The period between the Stamp Act of 1765 and 1790 is sometimes distinguished as
the Revolutionary Age. It was the time of Thomas Paine's influential revolutionary
tracts; of Thomas Jefferson's "Statute of Virginia for Religious Freedom,"
"Declaration of Independence," and many other writings;
1775-1865. The years 1775-1828, the Early National Period ending with the triumph
of Jacksonian democracy in 1828, signalized the emergence of a national imaginative
literature, including the first American comedy (Royall Tyler's The Contrast, 1787),
the earliest American novel (William Hill Brown's The Power of Sympathy, 1789),
and the establishment in 1815 of the first enduring American magazine, The North
American Review.
The span 1828-1865 from the Jacksonian era to the Civil War, often identified as the
Romantic Period in America (see neoclassic and romantic), marks the full coming of
age of a distinctively American literature. This period is sometimes known as the
American Renaissance, the title of F. O. Matthiessen's influential book'(1941) about
its outstanding writers, Ralph Waldo Emerson, Henry David Thoreau, Edgar Allan
Poe, Herman Melville, and Nathaniel Hawthorne (see also symbolism); it is also
sometimes called the Age of Transcendentalism, after the philosophical and literary
movement, centered on Emerson, that was dominant in New England (see
Transcendentalism). In all the major literary genres except drama, writers produced
works of an originality and excellence not exceeded in later American history.
Emerson, Thoreau, and the early feminist Margaret Fuller shaped the ideas, ideals,
and literary aims of many contemporary and later American writers.
1865-1914. The cataclysm of the bloody Civil War and the Reconstruction, followed
by a burgeoning industrialism and urbanization in the North, profoundly altered the
American sense of itself, and also American literary modes. 1865-1900 is often
known as the Realistic Period, by reference to the novels by Mark Twain, William
Dean Howells, and Henry James, as well as by John W DeForest, Harold Frederic,
and the African-American novelist Charles Chesnutt.
The years 1900-1914—although James, Howells, and Mark Twain were still writ
ing, and Edith Wharton was publishing her earlier novels—are discriminated
as the Naturalistic Period, in recognition of the powerful though sometimes
crudely wrought novels by Frank Norris, Jack London, and Theodore Dreiser,
which typically represent characters who are joint victims of their instinctual
drives and of external sociological forces.
1914-1939. The era between the two world wars, marked also by the trauma of the
great economic depression beginning in 1929, was that of the emergence of what is
still known as "modern literature," which in America reached an eminence rivaling
that of the American Renaissance of the midnineteenth century; unlike most of the
authors of that earlier period, however, the American modernists also achieved
widespread international recognition and influence.
Many prominent American writers of the decade following the end of World War I,
disillusioned by their war experiences and alienated by what they perceived as the
crassness of American culture and its "puritanical" repressions, are often tagged (in a
term first applied by Gertrude Stein to young Frenchmen of the time) as the Lost
Generation.
1939 to the Present, the contemporary period.

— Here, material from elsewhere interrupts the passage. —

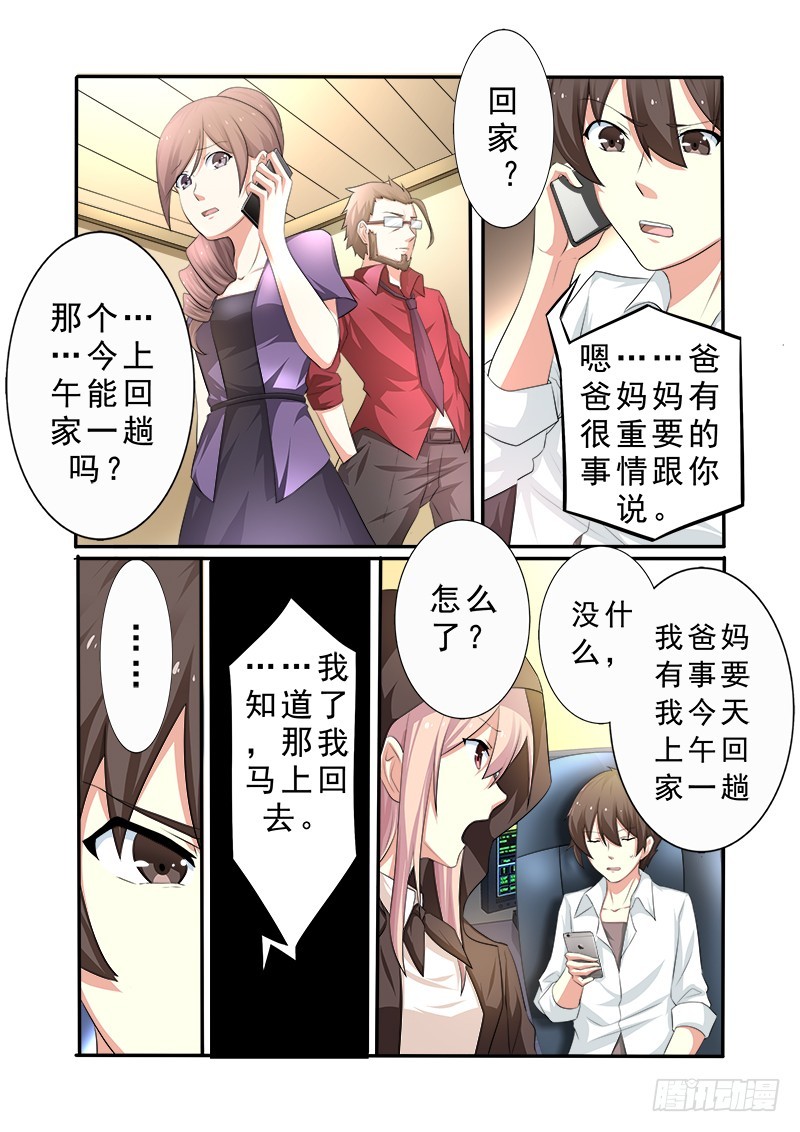 第十八曲 殉葬者的九和弦 5-第79话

World War II, and especially the
disillusionment with Soviet Communism consequent upon the Moscow trials for
alleged treason and Stalin's signing of the Russo-German pact with Hitler in 1939,
largely ended the literary radicalism of the 1930s.

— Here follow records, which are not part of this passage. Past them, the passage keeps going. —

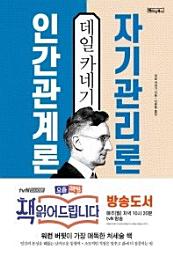 Icon image 데일 카네기 인간관계론 자기관리론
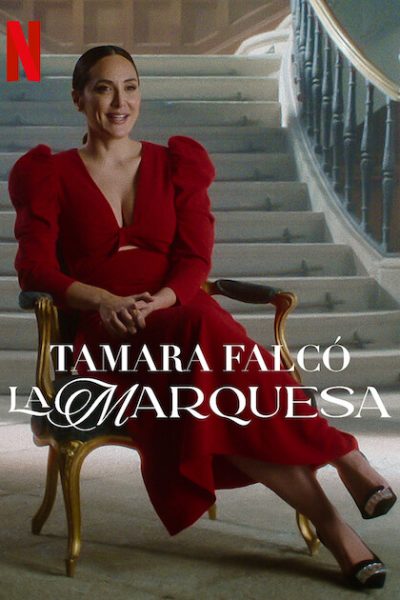 مسلسل Lady Tamara الموسم الأول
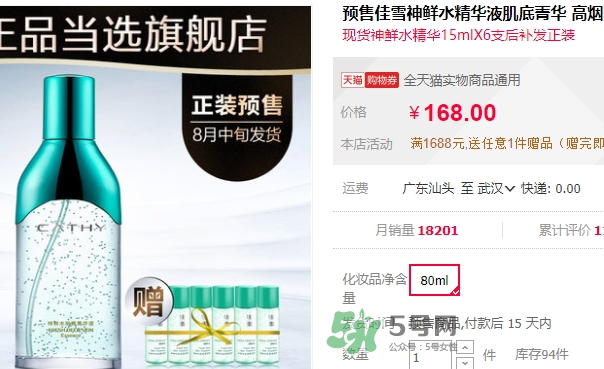 佳雪神鮮水多少錢(qián)？佳雪神鮮水肌底菁華液專(zhuān)柜價(jià)格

The 1950s, while often regarded in retrospect as a period of cultural conformity and
complacency, was marked by the emergence of vigorous antiestablishment and anti-
traditional literary movements: the Beat writers such as Allen Ginsberg and Jack
Kerouac; the American exemplars of the literature of the absurd; the Black Mountain
Poets, Charles Olson, Robert Creeley, and Robert Duncan; and the New York Poets
Frank O'Hara, Kenneth Koch, and John Ashbery.